Short Grass became the market choice to run out an appropriate winner of the 1911 Irish Derby;’ ‘the short grass’ being a common pseudonym for the headquarters of Irish racing. However, this was destined to become the ‘small man’s Irish Derby’, won by Shanballymore, a second success in a row for rider John Doyle, who purchased Rossmore Lodge for £1,300 in December of that year.
More significantly, Shanballymore became a rare Irish Derby winner trained other than on the Curragh or in England since the race began in 1866. Unlike those Irish Derby winners to have emerged from the Blake’s Martborough Heath establishment and Orby from Glencairn, Shanballymore came up from John O’Dwyer’s small stable at The Commons, Cashel, Tipperary.
As for his pedigree – Shanballymore was by Popoff, given away as a yearling owing to his dropped hip, sold to a short-sighted farmer for £25, raffled for sixpenny tickets, played for in a card game as a 30/- stake and exchanged for a barrel of porter. Calyce, an ugly, useless mare, cost Cappawhite farmer John Kelly £6. Safely, as he thought, Tipperary bookmaker Bryan O’Donnell had offered John Kelly 100-to-1 against his ugly duckling winning the Irish Derby two years hence. Kelly’s courageous wager was to see him refuse good offers for his colt at the day of reckoning drew ever nearer. Not one to push his luck, John Kelly sold Shanballymore after he won a match for a King’s Plate on his next appearance.
Stock Exchange highflier Graham A Prentice, owner of Short Grass, the beaten favourite twelve months previously, confidently backed his recent purchase Gael Rhu to make amends in 1912. His wagers – £1,400 to win £800 and £1,000 to win £500 – ensured Joe Hunter’s charge going off odds-onto beat just four rivals. Fred Hunter’s mount did get closer than Short Grass had done, but still had to give best to Civility, a first mount in Ireland for American ace and English champion Danny Maher.

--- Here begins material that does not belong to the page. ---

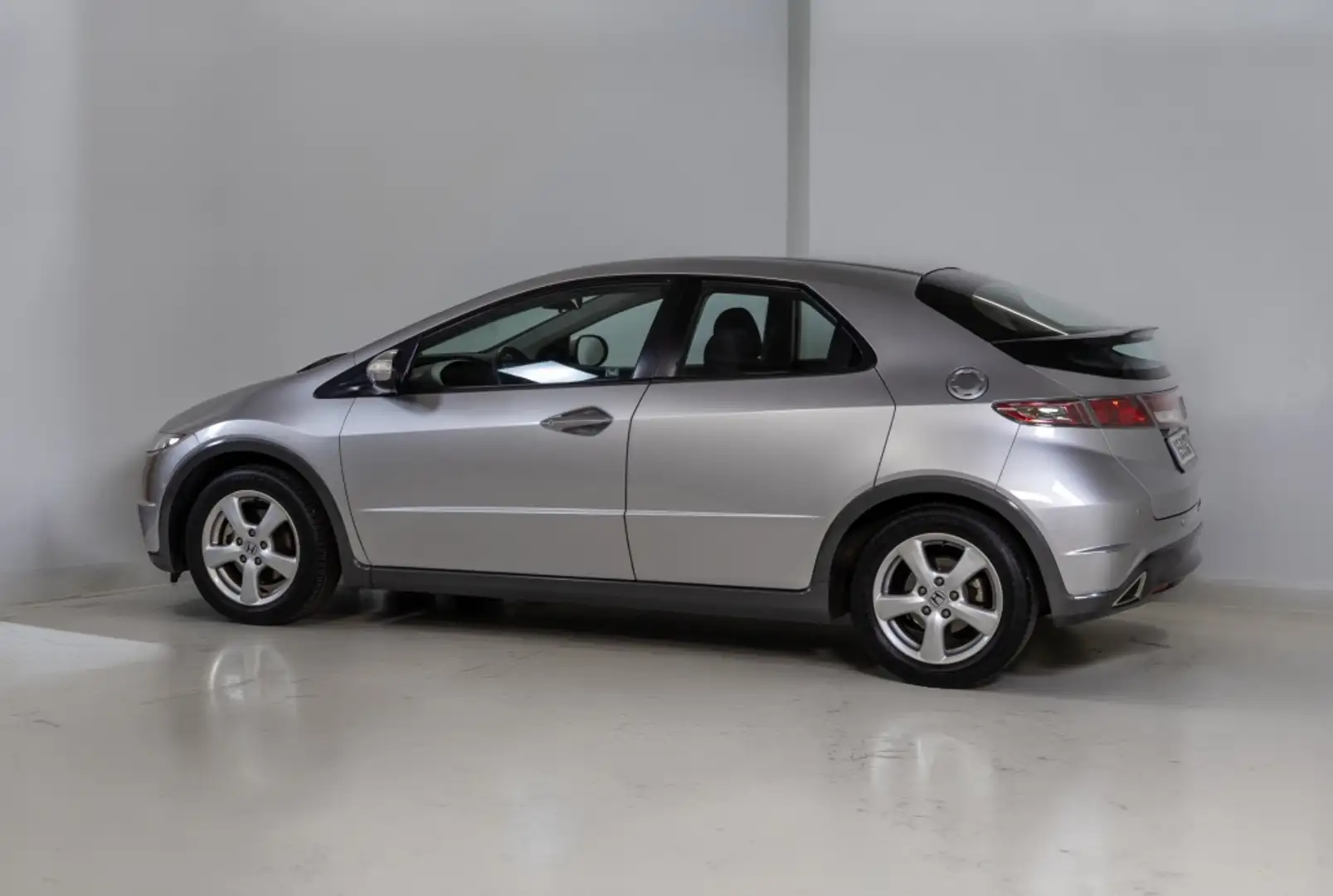 Honda Civic 1.4i-VTEC Sport Plateado - 2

Owned and bred by ebullient bookmaker John Reese, who named his colt to reflect his own racecourse nickname – ‘Civility Reese’ – the bay colt provided Limerick native Bartholemew ‘Batt’ Kirby with a memorable success in his first season as a public trainer in Curragh View. Civility thus refreshed Curragh View’s distinguished Irish Derby record, initiated by Thomas Connolly with Billy Pitt (1870), Ben Battle (1874) and Soulouque (1879) and continued by Rice Meredith with Kentish Fire (1890).

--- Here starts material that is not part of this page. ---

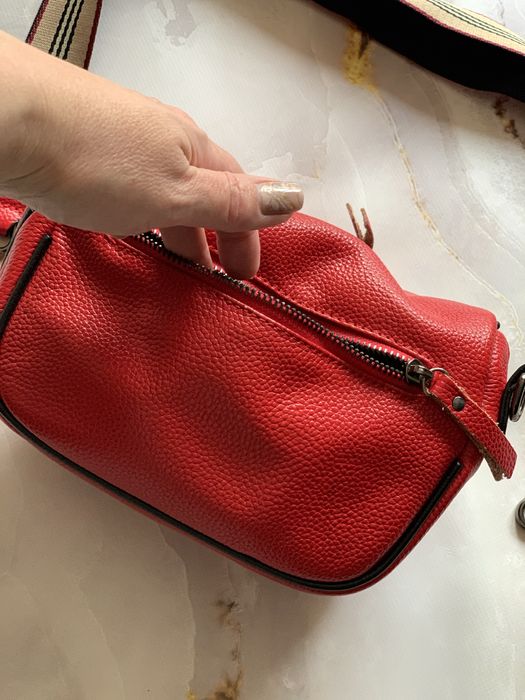 Кожаная красная бананка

Civility went wrong after what had been his finest hour. ‘Batt’ Kirby was soon obliged to return to his Knocklong, County Limerick, home. John Reese suffered increasing ill-health, necessitating prolonged foreign travels. Danny Maher, worthy forerunner of Steve Cauthen as gifted American champion jockeys to shine in Britain, fell prey to tuberculosis, brought on by excessive wasting. He died in his native America in November 1916, aged only thirty-five.
A dramatic increase in prize money for the 1913 Irish Derby – up from £620 to £1,165 – ensured renewal of English interest. Bachelor’s Wedding, a £4,000 purchase by Sir William Nelson in March had been transferred from Michael Dawson to HS ‘Atty’ Persse in Stockbridge. His English classic exploits ensured Steve Donoghue’s mount starting 6/4 favourite to defeat seven rivals, headed by Charles J Blake’s Count Anthony. Favourite backers had little cause for concern, Bachelor’s Wedding comfortably holding off the late challenge of Arizona, with Count Anthony taking third ahead of John Kelly’s Chadville, a full-brother to his 1911 winner Shanballymore.
Bred and raced as a two-year-old by Joseph Lowry, Bachelor’s Hope was the third high-class produce of repeated matings between Lowry’s resident stallion Tredennis and the unraced twin Lady Bawn. Bachelor’s Double had won the 1909 Irish Derby en route to City and Suburban, Royal Hunt Cup and Jubilee handicaps. Bachelor’s Hope had also won the Jubilee Handicap. While this Irish Derby might have been Bachelor’s Wedding’s finest hour in these islands, he went on to win India’s Viceroy’s Cup in 1914 and again in 1917.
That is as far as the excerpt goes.